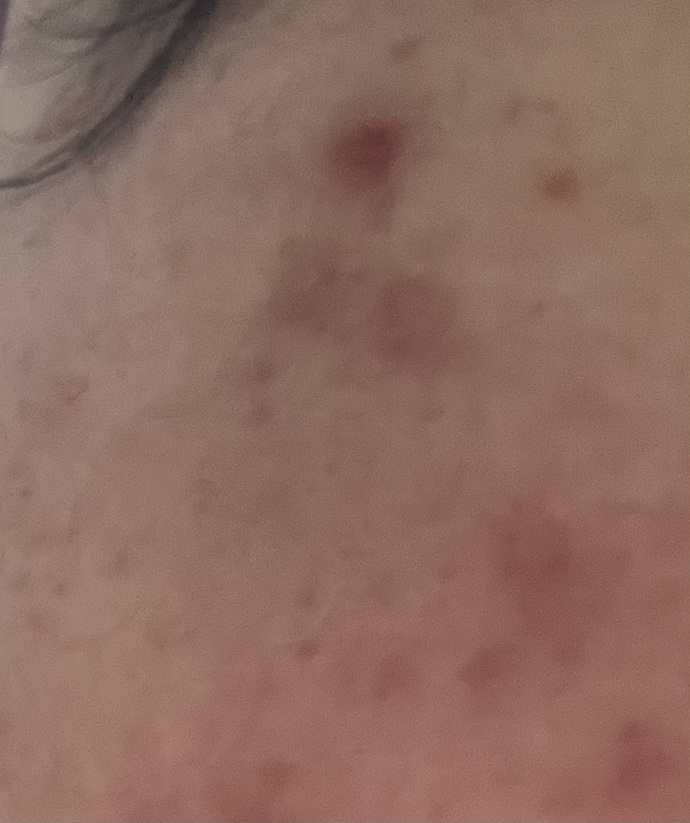 Yüzüm kırmızı sivilce lekeleri var nasıl geçer?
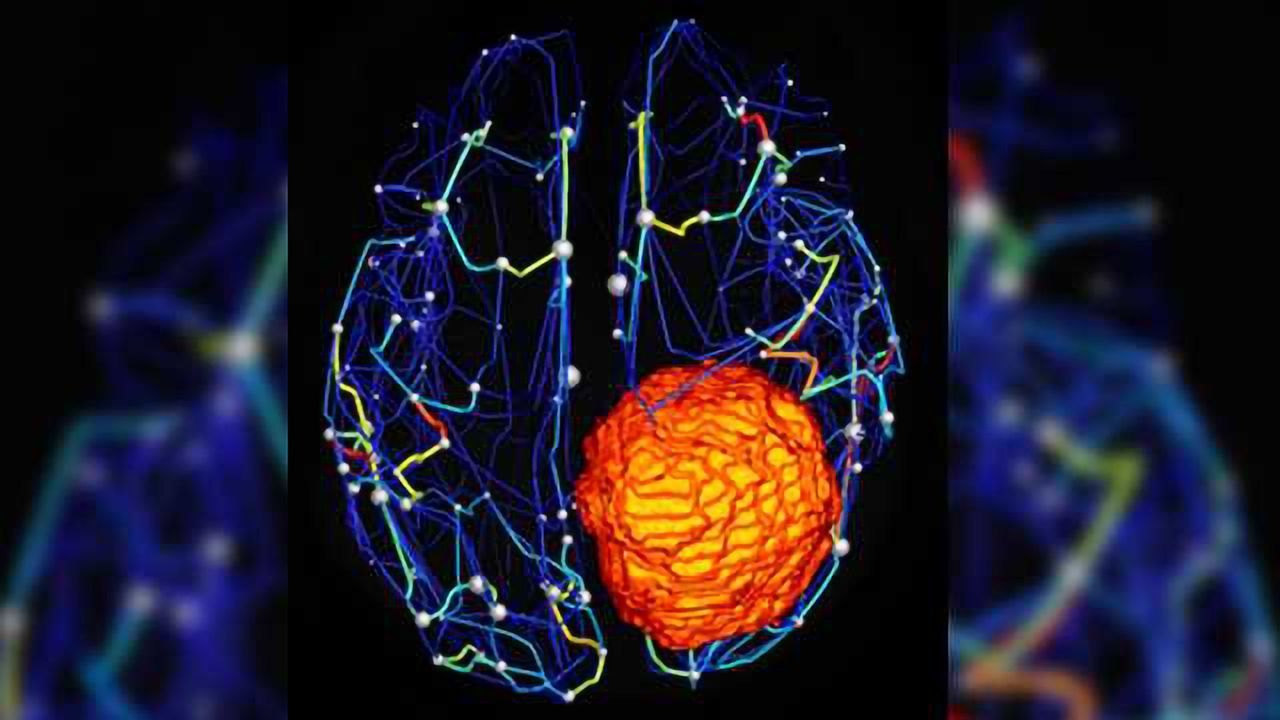 Virtual Brain Models Brain Tumor Progression, Effects of Surgery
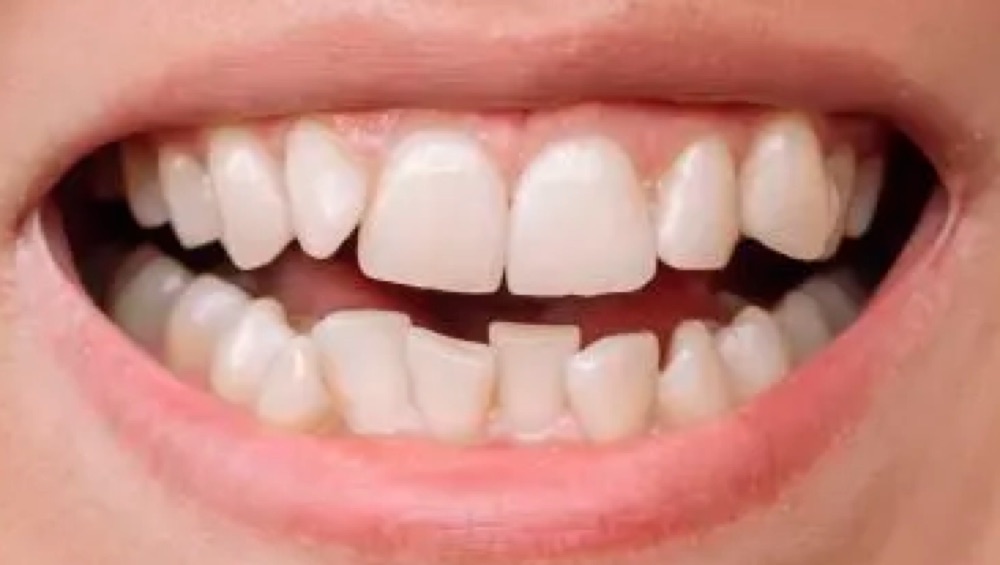 Antes: aparelho dentário
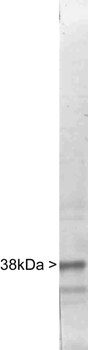 CSNK1A1/CK1 Alpha Antibody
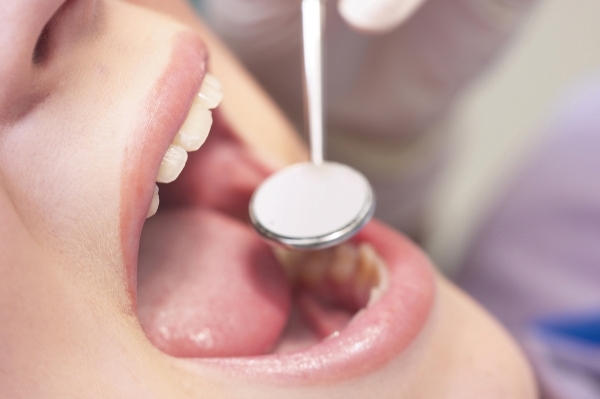 その場しのぎの治療は、歯の健康を損なうことに。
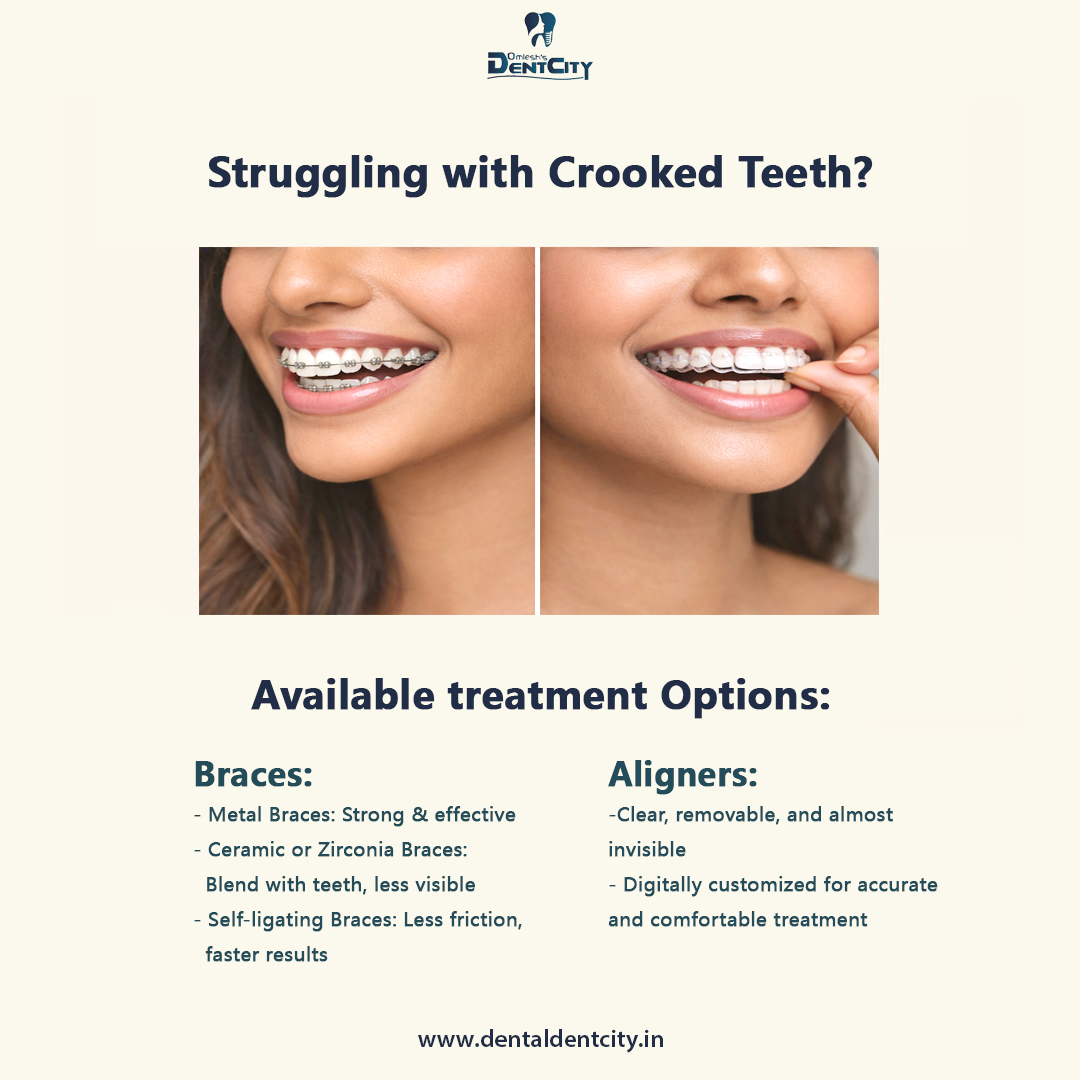 omleshsdentcity's tweet image. Crooked teeth aren’t just cosmetic—they affect your bite and oral health.
At Omlesh’s Dentcity, get personalised braces &amp;amp; clear aligner solutions for a confident smile. 🦷
📞 89208 76684
#CrookedTeeth #TeethAlignment #ClearAligners #BracesTreatment  #OmleshsDentcity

------------------------------------------------------------

Copy out the listing word for word and skip its pictures.

 Yüzüm kırmızı sivilce lekeleri var nasıl geçer?
 Virtual Brain Models Brain Tumor Progression, Effects of Surgery
 Antes: aparelho dentário
 CSNK1A1/CK1 Alpha Antibody
 その場しのぎの治療は、歯の健康を損なうことに。
 omleshsdentcity's tweet image. Crooked teeth aren’t just cosmetic—they affect your bite and oral health.
At Omlesh’s Dentcity, get personalised braces &amp;amp; clear aligner solutions for a confident smile. 🦷
📞 89208 76684
#CrookedTeeth #TeethAlignment #ClearAligners #BracesTreatment  #OmleshsDentcity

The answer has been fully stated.